Before copying, set the pictures aside; then repeat every line below verbatim.
═════ EXERCISE MATERIALS ═════
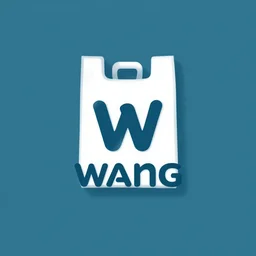 minimalist logotype design for plastic bag factory called wang that represents high quality and efficiency, 3 d vector, fresh cool colors, trending on behance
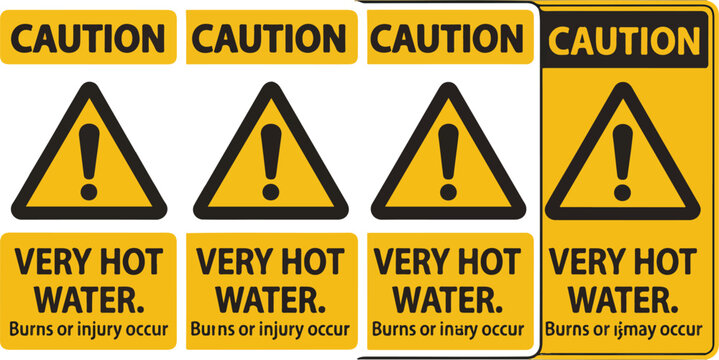 Clean vector illustration of industrial caution signs with exclamation triangle and hot water hazard warning text design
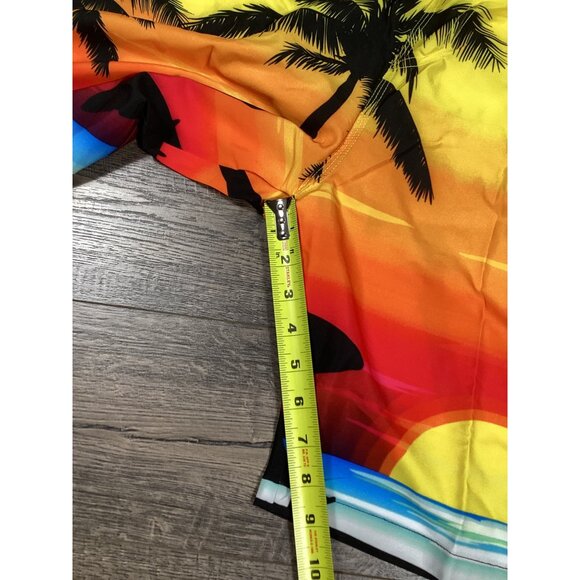 Aptro Mens Sunset & Palm Tree Orange Swim Trunks Size 3XL Elastic waistband NEW - Picture 6 of 9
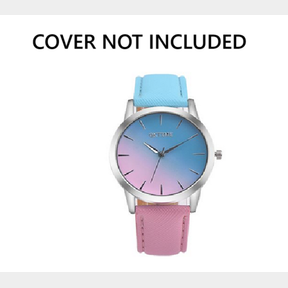 Women Wrist Watches Fashion Retro Rainbow Design Alloy Quartz Leather Band - Pink Blue - Unisex --(Back Cover Not Included)-Bar--Bar 9902042662455- 51745/26352
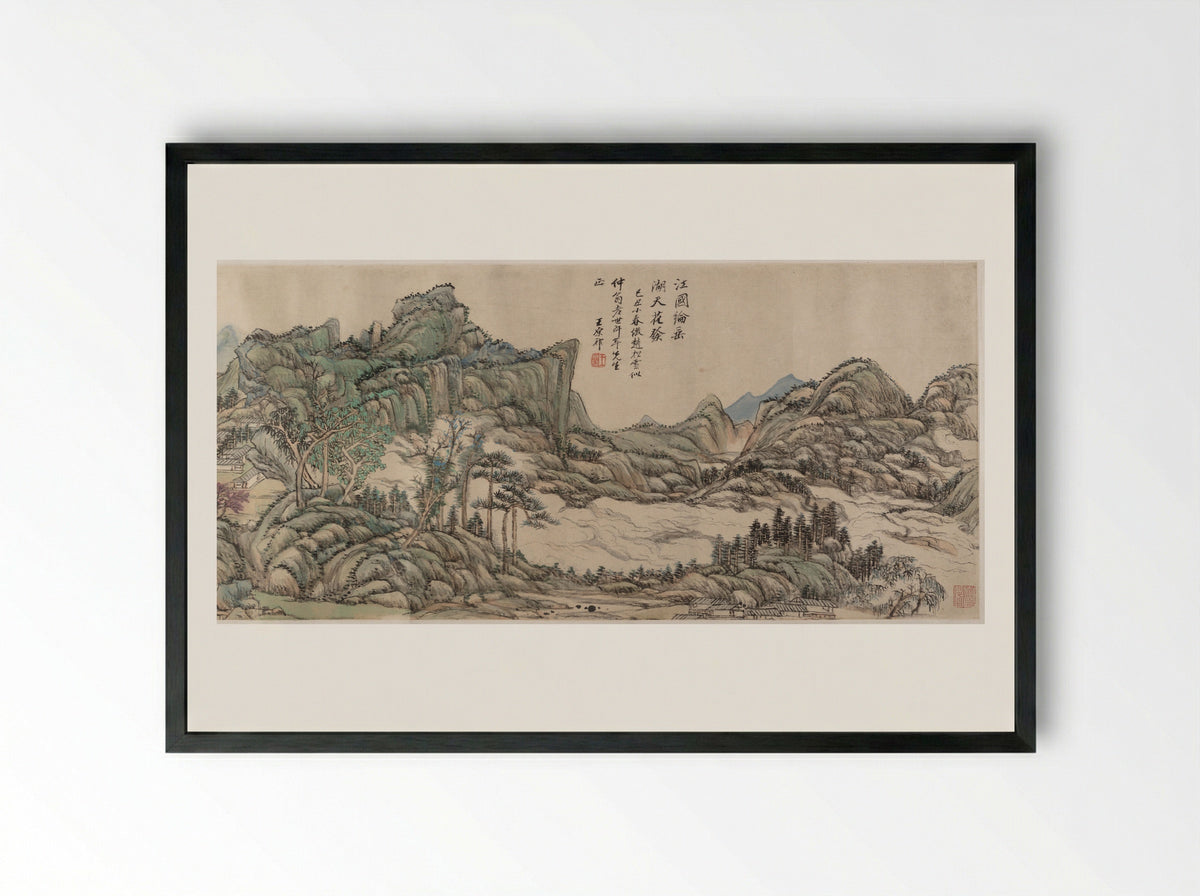 Fishing in River Country at Blossom Time - Wang Yuanqi - Framed Print Black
═════
ANSWER TO THE EXERCISE
 minimalist logotype design for plastic bag factory called wang that represents high quality and efficiency, 3 d vector, fresh cool colors, trending on behance
 Clean vector illustration of industrial caution signs with exclamation triangle and hot water hazard warning text design
 Aptro Mens Sunset & Palm Tree Orange Swim Trunks Size 3XL Elastic waistband NEW - Picture 6 of 9
 Women Wrist Watches Fashion Retro Rainbow Design Alloy Quartz Leather Band - Pink Blue - Unisex --(Back Cover Not Included)-Bar--Bar 9902042662455- 51745/26352
 Fishing in River Country at Blossom Time - Wang Yuanqi - Framed Print Black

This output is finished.